Evaluation of the efficiency of P4VP-Fe3O4 nanocomposite on the removal of diclofenac from aqueous solutions

Nonsteroidal anti-inflammatory drugs (NSAIDs) have been widely used in various treatments including inflammatory disorders, pain relief and fever. The permanent presence of these compounds in water resources and possible adverse effects due to toxicological and chemical properties is very important. The aim of this study was to evaluate of the efficiency of P4VP-Fe3O4 nanocomposite on the removal of diclofenac from aqueous solutions.

Adsorbent properties were determined by TEM, SEM, VSM and FTIR techniques. Effect of independent variables such as pH (3-9), adsorbent dose (0.1-2 g/L), contaminant concentration (2-20 mg/L), mixing speed (100-250 rpm), temperature (25-40°C) and the presence of interfering ions (120 min) were investigated. The adsorption process was evaluated using Langmuir, Freundlich, Tamkin isotherm models, and kinetic models of the adsorption process as well as thermodynamic studies.
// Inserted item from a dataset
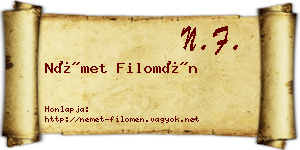 Német Filomén névjegykártya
Results showed that by examining the size and shape of P4VP-Fe3O4 composite, the composite had properties such as nano range size, polygonal structure and non-uniform shape. The peak of the pyridine ring in the results of FT-IR analysis of P4VP@Fe3O4 composite indicated the presence of C=C bands. In the adsorption process, the optimal removal conditions for diclofenac (contaminant concentration 15 mg/L, pH=5, contact time 75 min, adsorbent dose 1 g/L), the maximum removal efficiency of diclofenac 93.34% and adsorption capacity (qe) 9.33 mg/g was obtained. Also, the study of adsorption isotherm and kinetics showed that diclofenac adsorption followed Freundlich isotherm (R2 <0.956) and quasi-quadratic kinetic model (R2 <0.976). The results of thermodynamics also showed a spontaneous reaction.

P4VP-Fe3O4 composite can be used as an effective and useful adsorbent in the adsorption of diclofenac and pharmaceutical compounds from aqueous media due to its advantages such as simple and fast separation, recyclable, cost-effective and high removal efficiency.